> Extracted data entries
[Start of section]

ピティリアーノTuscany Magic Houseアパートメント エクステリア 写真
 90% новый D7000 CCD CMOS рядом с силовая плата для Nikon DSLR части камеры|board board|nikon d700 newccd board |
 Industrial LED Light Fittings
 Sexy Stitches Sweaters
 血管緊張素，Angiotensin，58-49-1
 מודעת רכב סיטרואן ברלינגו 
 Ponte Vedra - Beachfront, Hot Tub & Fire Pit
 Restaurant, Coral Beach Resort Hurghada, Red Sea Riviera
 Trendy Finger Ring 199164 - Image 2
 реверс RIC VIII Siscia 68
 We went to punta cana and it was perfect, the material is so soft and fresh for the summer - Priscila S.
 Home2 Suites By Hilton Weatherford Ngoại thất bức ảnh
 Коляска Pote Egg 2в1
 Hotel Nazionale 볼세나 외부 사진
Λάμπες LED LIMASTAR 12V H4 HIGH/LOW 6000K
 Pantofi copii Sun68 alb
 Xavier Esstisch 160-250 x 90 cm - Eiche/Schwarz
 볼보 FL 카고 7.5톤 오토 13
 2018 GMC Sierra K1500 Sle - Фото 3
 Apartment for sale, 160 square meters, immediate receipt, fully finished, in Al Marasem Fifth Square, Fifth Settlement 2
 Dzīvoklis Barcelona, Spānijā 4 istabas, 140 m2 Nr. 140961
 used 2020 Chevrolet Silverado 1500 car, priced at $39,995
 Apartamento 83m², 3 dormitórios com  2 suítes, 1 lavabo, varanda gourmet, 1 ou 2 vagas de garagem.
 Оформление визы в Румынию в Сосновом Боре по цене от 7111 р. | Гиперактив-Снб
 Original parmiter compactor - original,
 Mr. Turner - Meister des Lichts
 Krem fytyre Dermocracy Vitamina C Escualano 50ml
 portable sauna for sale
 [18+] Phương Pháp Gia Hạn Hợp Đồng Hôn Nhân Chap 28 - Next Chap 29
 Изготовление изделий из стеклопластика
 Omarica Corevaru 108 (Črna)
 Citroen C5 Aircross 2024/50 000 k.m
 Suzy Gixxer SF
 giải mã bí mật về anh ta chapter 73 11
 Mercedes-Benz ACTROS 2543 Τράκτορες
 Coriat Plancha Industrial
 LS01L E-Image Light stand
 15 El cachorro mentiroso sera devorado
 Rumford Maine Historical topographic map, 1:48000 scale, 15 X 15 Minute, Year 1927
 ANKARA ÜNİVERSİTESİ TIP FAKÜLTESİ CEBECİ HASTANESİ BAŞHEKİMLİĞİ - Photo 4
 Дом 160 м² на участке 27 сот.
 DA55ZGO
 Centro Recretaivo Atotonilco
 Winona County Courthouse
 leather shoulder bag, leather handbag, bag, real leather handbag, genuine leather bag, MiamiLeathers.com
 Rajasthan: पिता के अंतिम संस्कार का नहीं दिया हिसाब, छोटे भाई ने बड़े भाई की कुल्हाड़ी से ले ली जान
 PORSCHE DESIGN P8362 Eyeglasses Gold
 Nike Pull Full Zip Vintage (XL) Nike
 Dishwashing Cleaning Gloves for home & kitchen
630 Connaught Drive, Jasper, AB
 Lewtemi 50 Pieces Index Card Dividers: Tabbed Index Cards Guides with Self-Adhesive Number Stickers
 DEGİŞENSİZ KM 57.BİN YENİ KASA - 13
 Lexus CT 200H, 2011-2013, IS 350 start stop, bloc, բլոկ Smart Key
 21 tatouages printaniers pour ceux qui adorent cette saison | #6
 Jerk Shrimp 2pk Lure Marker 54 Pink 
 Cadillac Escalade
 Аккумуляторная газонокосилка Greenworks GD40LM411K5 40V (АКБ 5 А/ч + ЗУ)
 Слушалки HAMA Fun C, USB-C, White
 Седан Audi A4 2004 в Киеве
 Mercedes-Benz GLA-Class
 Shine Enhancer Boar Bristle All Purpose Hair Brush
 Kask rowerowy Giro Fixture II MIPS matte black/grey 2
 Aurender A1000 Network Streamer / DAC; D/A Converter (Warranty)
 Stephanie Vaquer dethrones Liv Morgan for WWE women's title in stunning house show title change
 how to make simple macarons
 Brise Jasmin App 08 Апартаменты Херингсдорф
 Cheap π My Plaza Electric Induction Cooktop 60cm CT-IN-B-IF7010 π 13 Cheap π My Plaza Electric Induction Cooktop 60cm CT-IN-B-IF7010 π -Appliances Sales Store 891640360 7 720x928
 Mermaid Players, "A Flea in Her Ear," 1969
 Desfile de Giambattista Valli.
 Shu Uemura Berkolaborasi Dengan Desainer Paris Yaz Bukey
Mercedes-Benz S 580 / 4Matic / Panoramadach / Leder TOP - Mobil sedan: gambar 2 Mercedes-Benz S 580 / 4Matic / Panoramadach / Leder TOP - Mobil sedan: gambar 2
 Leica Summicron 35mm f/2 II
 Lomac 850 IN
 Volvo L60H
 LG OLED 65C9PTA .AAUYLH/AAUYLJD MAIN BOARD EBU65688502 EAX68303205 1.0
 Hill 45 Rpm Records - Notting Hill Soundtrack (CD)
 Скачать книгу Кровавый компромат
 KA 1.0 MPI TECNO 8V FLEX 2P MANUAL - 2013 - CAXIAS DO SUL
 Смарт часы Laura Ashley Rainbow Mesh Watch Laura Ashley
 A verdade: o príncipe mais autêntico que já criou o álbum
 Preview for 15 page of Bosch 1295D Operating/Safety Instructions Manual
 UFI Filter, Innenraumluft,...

[End of section]

> Task instructions
Take the line above containing "Dishwashing Cleaning Gloves", the line containing "Aurender A1000 Network", and all lines in between, and copy them exactly without anything else.

> Task result
 Dishwashing Cleaning Gloves for home & kitchen
630 Connaught Drive, Jasper, AB
 Lewtemi 50 Pieces Index Card Dividers: Tabbed Index Cards Guides with Self-Adhesive Number Stickers
 DEGİŞENSİZ KM 57.BİN YENİ KASA - 13
 Lexus CT 200H, 2011-2013, IS 350 start stop, bloc, բլոկ Smart Key
 21 tatouages printaniers pour ceux qui adorent cette saison | #6
 Jerk Shrimp 2pk Lure Marker 54 Pink 
 Cadillac Escalade
 Аккумуляторная газонокосилка Greenworks GD40LM411K5 40V (АКБ 5 А/ч + ЗУ)
 Слушалки HAMA Fun C, USB-C, White
 Седан Audi A4 2004 в Киеве
 Mercedes-Benz GLA-Class
 Shine Enhancer Boar Bristle All Purpose Hair Brush
 Kask rowerowy Giro Fixture II MIPS matte black/grey 2
 Aurender A1000 Network Streamer / DAC; D/A Converter (Warranty)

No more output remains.